The visualization conundrums always present a fun challenge! There might be quite a number of ways to show a visualization. Not being a scatterplot expert by any means, the results I am seeing initially might indicate that the earlier the post, the greater the karma. 

My goal in creating this was to show the correlation between karma score and the hour that the post was created. To do this, I parsed the date column (assuming it's hour:min:sec), then extracted the date components, keeping only the hour, and making sure my hour column is an integer.

I first tried to create a correlation matrix - still trying to figure out what I'm looking at.

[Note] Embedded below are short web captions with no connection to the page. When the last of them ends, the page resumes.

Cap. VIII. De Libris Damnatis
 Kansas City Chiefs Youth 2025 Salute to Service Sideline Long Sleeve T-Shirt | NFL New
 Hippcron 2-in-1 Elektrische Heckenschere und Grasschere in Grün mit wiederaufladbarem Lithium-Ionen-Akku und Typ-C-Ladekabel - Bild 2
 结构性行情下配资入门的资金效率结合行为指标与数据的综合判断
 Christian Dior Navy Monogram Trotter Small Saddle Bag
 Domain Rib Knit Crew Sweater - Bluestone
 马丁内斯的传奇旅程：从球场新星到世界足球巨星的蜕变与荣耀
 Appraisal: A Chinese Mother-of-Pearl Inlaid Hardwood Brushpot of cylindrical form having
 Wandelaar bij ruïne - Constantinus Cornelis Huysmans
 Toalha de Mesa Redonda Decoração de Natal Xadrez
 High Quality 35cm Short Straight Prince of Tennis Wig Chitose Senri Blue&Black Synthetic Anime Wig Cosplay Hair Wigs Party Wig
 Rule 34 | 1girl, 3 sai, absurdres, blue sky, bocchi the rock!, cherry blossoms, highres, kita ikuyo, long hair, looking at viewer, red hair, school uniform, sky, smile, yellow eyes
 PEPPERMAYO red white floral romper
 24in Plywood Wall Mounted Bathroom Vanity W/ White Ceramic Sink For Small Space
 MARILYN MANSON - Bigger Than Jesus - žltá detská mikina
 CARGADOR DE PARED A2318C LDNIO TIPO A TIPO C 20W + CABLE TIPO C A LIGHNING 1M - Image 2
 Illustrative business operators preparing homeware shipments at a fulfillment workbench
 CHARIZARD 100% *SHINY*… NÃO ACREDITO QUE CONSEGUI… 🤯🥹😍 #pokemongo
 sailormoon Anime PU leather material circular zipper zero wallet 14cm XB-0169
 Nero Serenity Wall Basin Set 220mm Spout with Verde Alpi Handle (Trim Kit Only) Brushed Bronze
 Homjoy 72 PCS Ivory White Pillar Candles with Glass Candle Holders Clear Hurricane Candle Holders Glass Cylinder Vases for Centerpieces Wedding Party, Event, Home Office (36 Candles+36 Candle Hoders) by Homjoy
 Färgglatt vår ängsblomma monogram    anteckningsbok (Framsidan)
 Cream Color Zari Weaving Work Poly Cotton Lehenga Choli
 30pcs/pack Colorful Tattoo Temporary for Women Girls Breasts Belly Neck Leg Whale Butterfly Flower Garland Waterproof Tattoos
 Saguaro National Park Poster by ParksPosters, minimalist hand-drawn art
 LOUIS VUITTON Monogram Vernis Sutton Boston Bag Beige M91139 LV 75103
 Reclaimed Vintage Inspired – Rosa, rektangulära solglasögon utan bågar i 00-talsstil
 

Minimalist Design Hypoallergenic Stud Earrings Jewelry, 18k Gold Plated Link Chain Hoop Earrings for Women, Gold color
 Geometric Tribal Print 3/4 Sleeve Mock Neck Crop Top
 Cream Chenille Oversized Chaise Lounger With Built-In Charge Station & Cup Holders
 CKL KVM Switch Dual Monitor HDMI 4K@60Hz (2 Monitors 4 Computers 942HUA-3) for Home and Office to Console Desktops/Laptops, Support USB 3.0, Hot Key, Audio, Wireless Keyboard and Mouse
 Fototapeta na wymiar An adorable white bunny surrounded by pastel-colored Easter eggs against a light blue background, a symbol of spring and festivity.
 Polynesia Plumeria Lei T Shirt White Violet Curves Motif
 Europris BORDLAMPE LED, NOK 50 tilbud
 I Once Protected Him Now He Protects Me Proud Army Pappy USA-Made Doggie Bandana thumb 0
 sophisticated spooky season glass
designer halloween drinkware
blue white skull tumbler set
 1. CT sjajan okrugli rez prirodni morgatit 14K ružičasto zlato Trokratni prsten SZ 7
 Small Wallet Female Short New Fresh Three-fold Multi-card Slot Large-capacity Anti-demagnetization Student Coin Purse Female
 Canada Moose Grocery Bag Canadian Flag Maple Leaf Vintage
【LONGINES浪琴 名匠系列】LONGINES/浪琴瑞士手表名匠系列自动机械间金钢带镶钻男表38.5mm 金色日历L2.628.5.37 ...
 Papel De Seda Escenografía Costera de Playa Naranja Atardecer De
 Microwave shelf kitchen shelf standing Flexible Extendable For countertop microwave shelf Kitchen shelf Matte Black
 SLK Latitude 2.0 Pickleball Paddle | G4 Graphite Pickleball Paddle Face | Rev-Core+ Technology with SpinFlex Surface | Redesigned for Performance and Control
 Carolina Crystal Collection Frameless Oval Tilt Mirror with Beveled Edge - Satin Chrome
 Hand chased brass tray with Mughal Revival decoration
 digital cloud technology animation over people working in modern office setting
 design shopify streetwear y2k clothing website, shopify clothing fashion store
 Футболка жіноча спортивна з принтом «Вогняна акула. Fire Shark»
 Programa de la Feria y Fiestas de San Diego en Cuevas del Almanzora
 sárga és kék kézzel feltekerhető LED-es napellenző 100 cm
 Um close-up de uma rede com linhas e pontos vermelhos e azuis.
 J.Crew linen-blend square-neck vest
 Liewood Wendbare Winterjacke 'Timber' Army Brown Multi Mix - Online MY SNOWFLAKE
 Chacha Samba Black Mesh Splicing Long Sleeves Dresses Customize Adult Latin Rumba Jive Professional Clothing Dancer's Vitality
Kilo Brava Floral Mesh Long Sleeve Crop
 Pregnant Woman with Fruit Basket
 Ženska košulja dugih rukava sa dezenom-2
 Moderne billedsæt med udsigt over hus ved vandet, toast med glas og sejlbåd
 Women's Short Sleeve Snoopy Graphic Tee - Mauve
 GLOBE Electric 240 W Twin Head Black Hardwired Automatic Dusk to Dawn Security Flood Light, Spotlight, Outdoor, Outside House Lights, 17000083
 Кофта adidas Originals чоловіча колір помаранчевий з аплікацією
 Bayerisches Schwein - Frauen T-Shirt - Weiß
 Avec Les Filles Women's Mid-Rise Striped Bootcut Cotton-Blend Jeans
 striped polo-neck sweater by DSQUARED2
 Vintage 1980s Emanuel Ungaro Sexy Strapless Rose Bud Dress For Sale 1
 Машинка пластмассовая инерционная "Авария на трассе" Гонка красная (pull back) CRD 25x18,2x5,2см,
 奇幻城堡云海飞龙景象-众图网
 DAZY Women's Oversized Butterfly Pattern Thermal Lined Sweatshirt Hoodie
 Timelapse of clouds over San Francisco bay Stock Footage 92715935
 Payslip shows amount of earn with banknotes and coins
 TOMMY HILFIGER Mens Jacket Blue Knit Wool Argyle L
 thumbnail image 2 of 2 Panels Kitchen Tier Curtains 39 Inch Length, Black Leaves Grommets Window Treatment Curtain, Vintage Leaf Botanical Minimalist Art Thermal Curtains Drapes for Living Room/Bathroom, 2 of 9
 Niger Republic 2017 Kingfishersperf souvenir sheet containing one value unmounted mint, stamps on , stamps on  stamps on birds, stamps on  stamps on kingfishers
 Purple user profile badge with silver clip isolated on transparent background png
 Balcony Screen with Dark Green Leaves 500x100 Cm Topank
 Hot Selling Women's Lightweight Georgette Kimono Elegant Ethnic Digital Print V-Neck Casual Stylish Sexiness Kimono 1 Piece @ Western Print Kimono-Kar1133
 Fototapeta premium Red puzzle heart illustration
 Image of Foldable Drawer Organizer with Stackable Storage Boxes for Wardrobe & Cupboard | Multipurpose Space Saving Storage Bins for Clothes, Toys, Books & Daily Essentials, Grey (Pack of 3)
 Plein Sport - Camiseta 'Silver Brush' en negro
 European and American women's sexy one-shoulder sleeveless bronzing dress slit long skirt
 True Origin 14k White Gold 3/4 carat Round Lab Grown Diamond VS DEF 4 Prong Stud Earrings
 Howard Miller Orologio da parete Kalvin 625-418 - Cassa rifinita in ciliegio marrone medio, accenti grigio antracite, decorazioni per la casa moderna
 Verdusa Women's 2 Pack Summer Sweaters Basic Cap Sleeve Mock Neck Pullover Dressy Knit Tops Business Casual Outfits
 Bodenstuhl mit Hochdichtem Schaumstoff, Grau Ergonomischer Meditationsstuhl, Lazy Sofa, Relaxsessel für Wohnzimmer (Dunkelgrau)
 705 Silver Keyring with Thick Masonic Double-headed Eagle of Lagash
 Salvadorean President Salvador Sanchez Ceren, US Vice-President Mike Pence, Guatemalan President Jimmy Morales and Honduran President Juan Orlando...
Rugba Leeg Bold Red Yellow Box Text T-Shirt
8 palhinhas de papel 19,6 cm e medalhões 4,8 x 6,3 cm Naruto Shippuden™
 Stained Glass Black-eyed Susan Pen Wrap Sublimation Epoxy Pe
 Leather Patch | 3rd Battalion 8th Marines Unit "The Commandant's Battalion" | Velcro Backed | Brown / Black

Then I tried creating a chart - - and in the scatterplot, I filtered out most of the data, keeping only those with the greatest frequency of time created, just to keep it minimal. I'm sure my results would be different if I had not filtered this way.

tgb417

When looking at the highest karma scores on individual posts (Karma >= 15k, n = 683), I discovered the following pattern. The range of the Karma Scores is given by the color binning shown on the right side.

Distribution of High Karma Posts by Hour of Day.jpg

It is interesting to me that the 4:00am to 5:00am hour is producing the most supper karma posts.  Here in the eastern USA 4:00am-5:00am is usually the quiet hour.  The quiet hour is the hour of the day when the least traffic typically comes to a web site.  And that the after-work period (7:00pm - 11:00pm) is not producing very many Super Karma Posts.  That makes me wonder if these Super Karma Posts are being done by professional posters.   That is folks who are making a lot of posts and also using automated tools to "schedule" their posts.  For each individual post, I wonder what these folks' posting habits are?  Are they consistently posting at these hours? 

I sort of wish I had a data dictionary that would tell me in what time zone the times are taken and if participants are being recorded in their own time zone or the zone of a server.

Maybe an opportunity to do some more digging.  

What do others think?  What are you trying?

--Tom
tgb417

Turns out that the id appears to be the message id.  Not the author id.